While each case turns on its own facts, when allegations of serious fraud are made they can be hugely disruptive and have far reaching consequences for individuals and businesses alike.
In the UK, serious fraud is investigated and prosecuted by different agencies depending on the seriousness and complexity of the case.
As the UK’s leading law enforcement and prosecution agency for serious and complex financial crime, the Serious Fraud Office (‘SFO’) handles the country’s most significant financial crime investigations and prosecutions.
SFO investigations often involve allegations of fraud and false accounting at large public and private companies and their subsidiaries. These cases usually rely heavily on data (such as emails, messaging and other communication records and financial data) with the SFO exercising its compulsory powers to seize material and compel answers from witnesses.
SFO investigations are long running and usually take years to conclude.
The National Crime Agency (NCA) and specialist police units such as the City of London Fraud Squad and regional Fraud Squads also deal with a range of fraud allegations.

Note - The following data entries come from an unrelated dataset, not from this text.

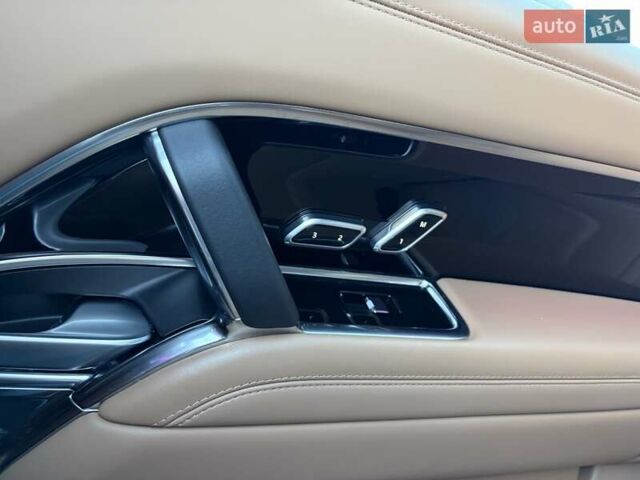 Чорний Ленд Ровер Рендж Ровер, об'ємом двигуна 3 л та пробігом 40 тис. км за 177333 $, фото 24 на Automoto.ua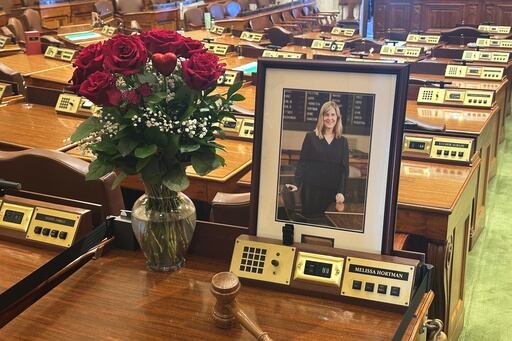 Los cambios se producen tras un aumento de la violencia política en todo el país que provocó el impactante asesinato en junio pasado de la representante Melissa Hortman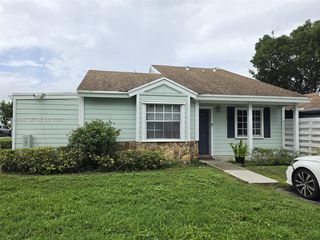 13795 SW 147th Circle Ln #212, Miami, FL 33186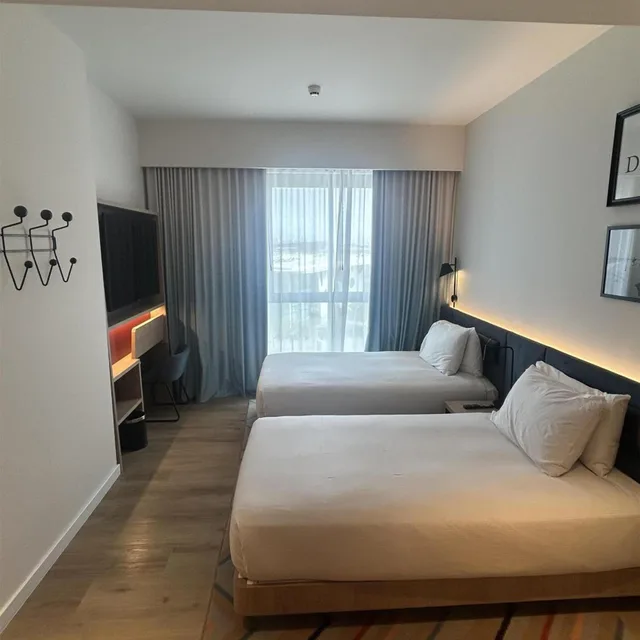 غرفة بسرير فردي، Hampton By Hilton Barcelona Fira Gran Via 1/7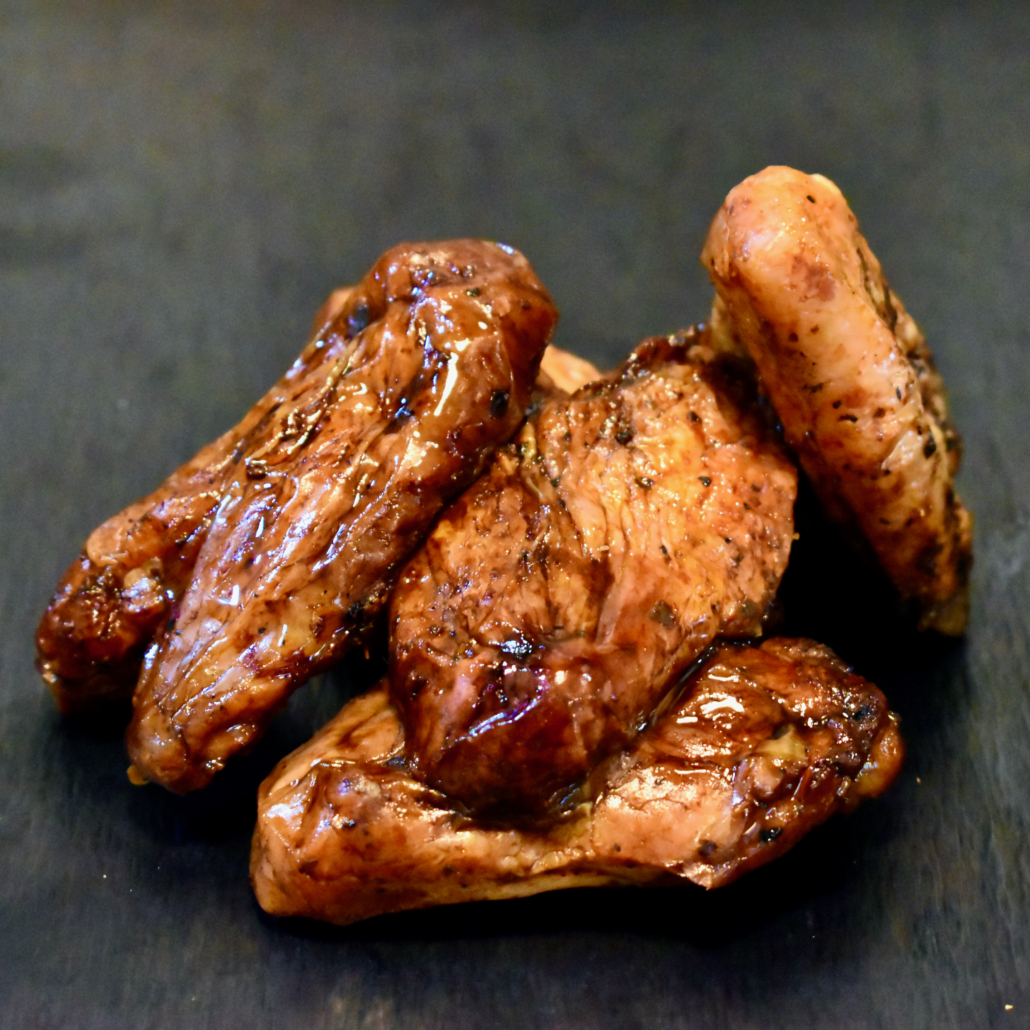 Chicken Wings Blue Factory Restaurant BBQ Barbecue Chateau-Thébaud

CPS specialist fraud prosecution units often bringing these cases to court.
HMRC investigates tax fraud and there are a number of other agencies such as the NHS Counter Fraud Authority who investigate and prosecute serious fraud in particular industry sectors.
The SFO has far-reaching investigatory powers which include those under section 2 Criminal Justice Act 1987. Using the powers under this section the SFO may compel attendance at an interview and the answering of questions.

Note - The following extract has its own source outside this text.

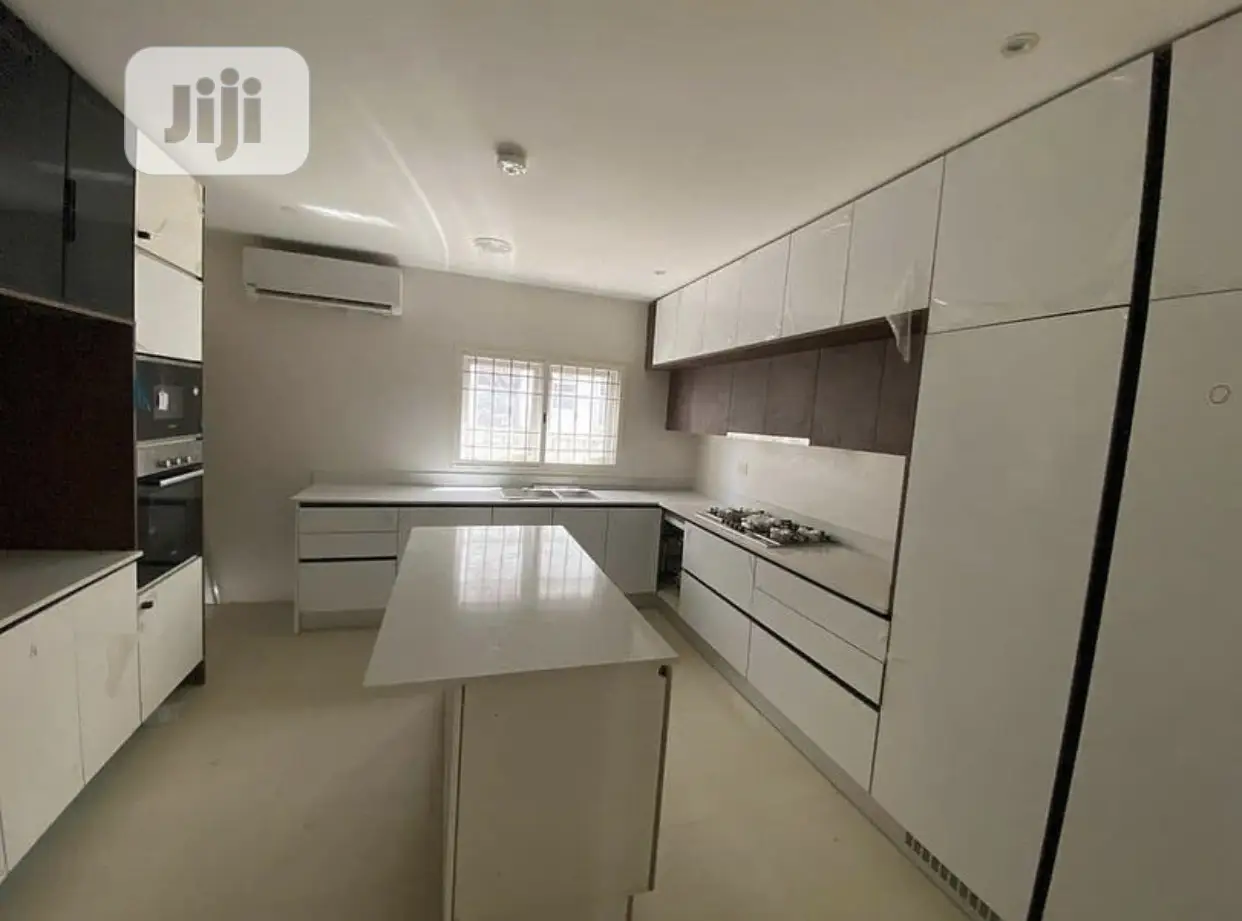 5bdrm Duplex in Jabi for sale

Although answers given at a section 2 interview cannot usually be used against an individual in any subsequent criminal prosecution, the SFO’s recent practice has included interviewing individuals using this power and subsequently treating them as suspects.
Anyone facing the prospect of a section 2 interview should seek expert advice in order to best navigate this process.

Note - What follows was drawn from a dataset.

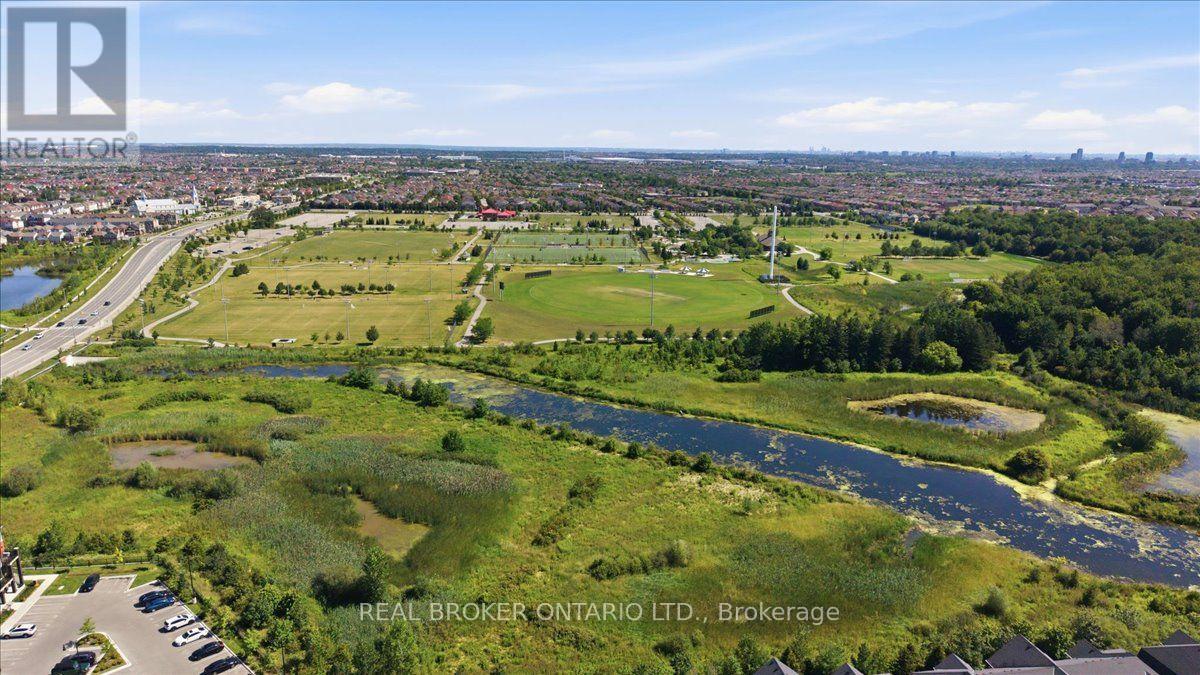 46 - 100 Dufay Road Property Photo 33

Every case will turn on its own facts, but there are some fundamental building blocks in defending allegations of serious fraud that are common to most.
These cases usually involve large amounts of data which requires expert analysis, and a thorough understanding of forensic accounting issues.
A key first step is often to understand how the business under investigation truly functions, mapping out its internal controls, organisational responsibilities, accounting obligations and the role played by auditors.
The landscape for serious fraud cases changed significantly with the introduction of Deferred Prosecution Agreements (DPAs) in 2014.
DPAs give corporates the option of admitting wrongdoing in exchange for the certainty of avoiding criminal prosecution, albeit with conditions that are likely to include significant financial penalties. The SFO has taken the lead with DPAs and they are increasingly becoming a favoured resolution for a company under investigation for serious fraud or bribery.
A DPA includes a statement in which the company sets out admissions, with the SFO and the company agreeing this narrative which identifies those individuals blamed for the wrongdoing. Any such individual will be at grave risk of being prosecuted following the DPA. This raises a serious risk for individuals under investigation in serious fraud cases who may find themselves being prosecuted following a narrative in which they are blamed having been agreed between the SFO and the company.
In these cases there is always the risk of a conflict of interest between the company and the individual. This may arise at an early stage such as when an individual is called on by the company to answer questions as part of an internal investigation, especially if there is any prospect the company may in due course seek to blame the individual for wrongdoing as part of a DPA.
Any individual caught up in such an investigation is well advised to consider taking independent advice at an early stage.
Serious fraud investigations sometimes involve more than one investigating agency. This is especially likely to be the case where regulated professionals are involved such as lawyers, accountants and those regulated by the FCA.
In these situations, it is important to build a strategy that considers the multiple and related issues that can arise from the involvement of various agencies.
Similarly, many serious fraud cases straddle more than one jurisdiction. Here it is important to have a coordinated strategy between the various legal teams and to be cognisant of the how decisions in one country might impact investigations and prosecutions in another.
Hickman & Rose has significant experience and expertise acting for individuals and corporates in some of the SFO’s biggest fraud investigations as well as those of other agencies in the UK, and those that involve overseas jurisdictions.
Our financial crime team is at the forefront of cases involving individuals who have been prosecuted following a DPA. This includes the successful defence of Chris Bush, the former Managing Director of Tesco, who was prosecuted by the SFO for fraud and false accounting after the company agreed a DPA in which he was named as a wrongdoer in an alleged £250m profit overstatement.
The case against him was dismissed by the trial Judge who, having heard six weeks of prosecution evidence, concluded there was no case to answer.
The team currently act for former senior executives in two similar SFO prosecutions that have followed DPAs.